Dipukul Pakai Bangku Besi, Korban Bullying di SMPN 19 Tangsel Meninggal Setelah Seminggu Dirawat
- rsbudikemuliaan
Respons Sekolah dan Dinas Pendidikan Dinilai Lambat
Keluarga korban menyatakan kekecewaan mendalam terhadap lambatnya respons institusi pendidikan terhadap insiden ini. Padahal, menurut Undang-Undang No. 23 Tahun 2022 tentang Perlindungan Anak dan Permendikbud No. 82 Tahun 2015, setiap sekolah wajib memiliki mekanisme penanganan bullying dan wajib melapor dalam waktu 2×24 jam jika terjadi kekerasan terhadap peserta didik.
Namun, dalam kasus MH, tidak ada tindakan preventif atau investigasi internal yang terlihat signifikan segera setelah kejadian. Tidak jelas apakah pelaku telah diidentifikasi, diberi sanksi, atau apakah pihak sekolah telah melapor ke Komisi Perlindungan Anak Indonesia (KPAI) atau kepolisian.
“Kami sangat menyesalkan lambatnya respons dari pihak sekolah maupun Dinas Pendidikan,” kata keluarga melalui perwakilannya. “Anak kami tidak hanya kehilangan nyawa tapi juga haknya untuk dilindungi di tempat yang seharusnya aman: sekolah.”

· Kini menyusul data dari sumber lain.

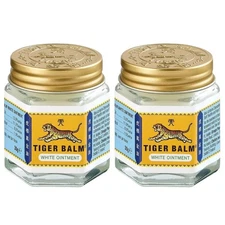2X Tiger Balm White Ointment 30g – Cooling Muscles & Joint Relief Balm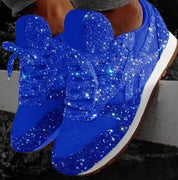 Baskets Bella femme – sneakers à paillettes stylées & confortables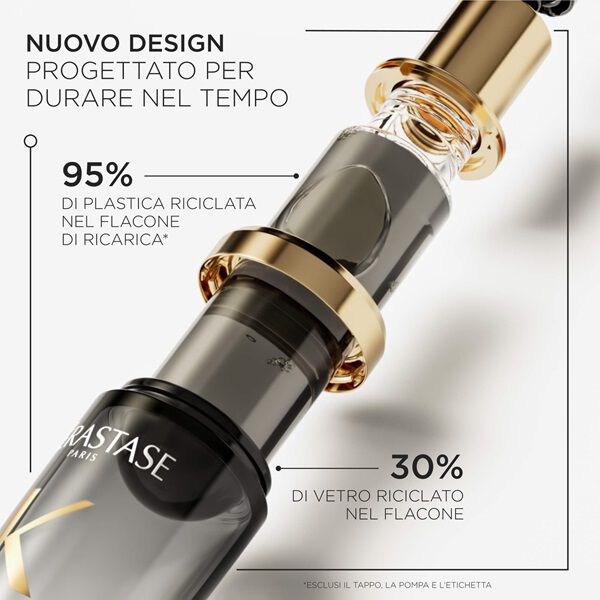 HUILE DE PARFUM OLIO PER CAPELLI RIVITALIZZANTE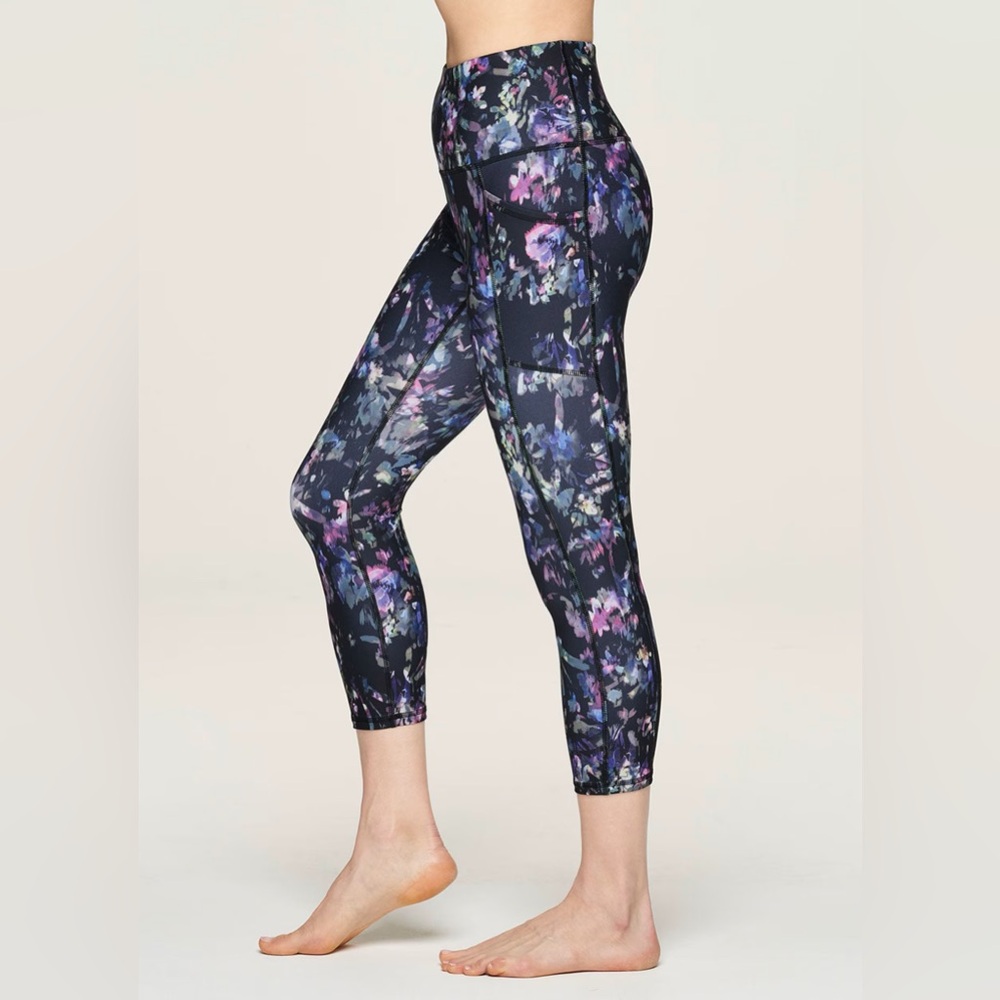 RBX Floral Leggings -L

Kasus Serupa Menguat: Pola Bullying di Sekolah Menengah Pertama
Kematian MH bukan kasus pertama yang mengaitkan bullying dengan kematian siswa di Indonesia. Sebelumnya, misteri kematian seorang siswa di Sekolah Pahoa juga diduga kuat akibat perundungan, meski hingga kini belum terungkap tuntas.
Fakta ini menunjukkan pola sistemik:
- Bullying di SMP sering kali dianggap “kenakalan biasa”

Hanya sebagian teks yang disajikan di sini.